Premier ogłosił to pod koniec nadzwyczajnego posiedzenia Rady Ministrów, zwołanego w celu przeanalizowania "całej sytuacji związanej z pożarami i ich konsekwencjami", na spotkaniu pod przewodnictwem prezydenta Republiki, Marcelo Rebelo de Sousa, na zaproszenie Luísa Montenegro.
W poniedziałek rząd przedłużył stan alarmowy ze względu na ryzyko pożarów do końca czwartku, w świetle prognoz pogody.
Prawo stanowi, że stan wyjątkowy ogłasza rząd w drodze uchwały Rady Ministrów.
Premier wyjaśnił, że ogłoszenie stanu wyjątkowego pozwoli multidyscyplinarnemu zespołowi rządowemu - koordynowanemu przez wiceministra spójności terytorialnej Manuela Castro Almeidę - "zaoferować najbardziej natychmiastowe i pilne wsparcie tym, którzy nie mają schronienia w domu, zakwaterowania na najbliższe dni, tym, którzy zostali bez środków do życia, ubrania się, dostępu do najbardziej podstawowych codziennych potrzeb".
"W ramach tego stanu wyjątkowego na tych terytoriach współpracujemy już również z Regionalnymi Komisjami Koordynacji i Rozwoju oraz Narodowym Instytutem Statystyki, aby ocenić wszystkie wyrządzone szkody, tak aby reakcja była jak najszybsza", zapewnił.

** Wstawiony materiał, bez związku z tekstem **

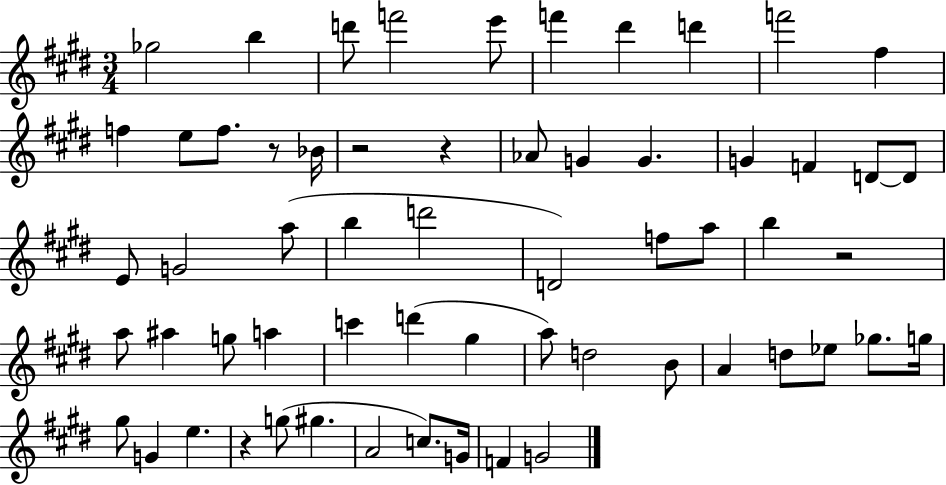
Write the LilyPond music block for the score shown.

{
  \clef treble
  \numericTimeSignature
  \time 3/4
  \key e \major
  ges''2 b''4 | d'''8 f'''2 e'''8 | f'''4 dis'''4 d'''4 | f'''2 fis''4 | \break f''4 e''8 f''8. r8 bes'16 | r2 r4 | aes'8 g'4 g'4. | g'4 f'4 d'8~~ d'8 | \break e'8 g'2 a''8( | b''4 d'''2 | d'2) f''8 a''8 | b''4 r2 | \break a''8 ais''4 g''8 a''4 | c'''4 d'''4( gis''4 | a''8) d''2 b'8 | a'4 d''8 ees''8 ges''8. g''16 | \break gis''8 g'4 e''4. | r4 g''8( gis''4. | a'2 c''8.) g'16 | f'4 g'2 | \break \bar "|."
}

Premier powtórzył, że "są ludzie, którzy zostali bez dachu nad głową, są ludzie, którym uniemożliwiono pójście do pracy, są firmy, które nie są w stanie produkować".
"Portugalscy mężczyźni i kobiety oraz firmy są przykładem odwagi Portugalczyków i dlatego zasługują na szybkość i sprawność ze strony władz publicznych, a w szczególności rządu, w zapewnieniu wszystkich niezbędnych reakcji", powiedział.
Montenegro stwierdził, podobnie jak w poniedziałek, że rząd "doskonale zdaje sobie sprawę, że te trudne czasy jeszcze się nie skończyły".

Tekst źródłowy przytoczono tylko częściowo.